Lights Off! An Argument Against Artificial Lighting
A series of installations, drawings, sculpture, and photographs.
“I see the light. I fear the light. I weaken the light.”
Plantlife, when interrupted by the works of man, suffers and struggles. It’s been said that the No. 1 pollutant impacting human life is artificial light—but the toll it takes on plant life is considerable.
Trees and plants depend on light—its quality and its intensity, and the dance between its presence and lack during a 24-hour photoperiod. Research out of Purdue University shows that a tree doesn’t care if the light comes from the sun or from artificial sources. All that matters are wavelength, brightness, and length.

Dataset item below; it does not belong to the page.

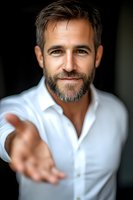Confident mature Caucasian businessman with gray hair and beard wearing white shirt extends hand for handshake against dark background, welcoming professional portrait.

As a modern-day urban gardener, I’m plugged in and information beams its way to me the courtesy of the internet. But I also take things into my own hands, intuitively constructing situations to depict tragedy in the rawest way, to engage the viewer in discussion, discovery, and solution.
My current work, “Lights Off! An Argument Against Artificial Lighting ” exists in the frisson between these two impulses—between scientific knowledge and the raw, organic way I learn by doing. It also explicitly examines how plant life is impeded by human artifice.
Over the last three years living in the Little River area of Miami, I noticed areca palms failing and fading into sickly yellow, dying under the lash of artificial light. As an entry to discovery, I installed three 4’ by 2’ by 2’ vitrines with open tops in my yard. I meant to observe earth’s simple cycle of decomposition, watching organic debris interacting with random, found, man-made objects.
Each has drainage holes drilled in the bottom and is filled with garden stones. Another layer is constructed of shredded paperwork from a previous job at an art and performance nonprofit—poetically repurposed from some other subject that lured my attention. I then introduced natural debris like dried seedpods, leaves, branches and vines. Human works intruded too, in the form of broken glass, nails, and discarded bits of metal. Plants live and malinger in these created environments.
One chamber is filled only with inorganic material—a discarded garden hose, a broken hula hoop, a wooden retail prop. This chamber, in particular, represents zero growth—the product of street lighting rather than sunshine.
Each chamber creates a microcosm, a piece of land or property I own and control. My lifelong habit of gardening, personally and professionally, is reflected in the way I explore the questions that intrigue me. The artworks are a mélange of organic forms produced by nature, as well as what organically develops into the design for experimentation. Mixing. Matching. Activism.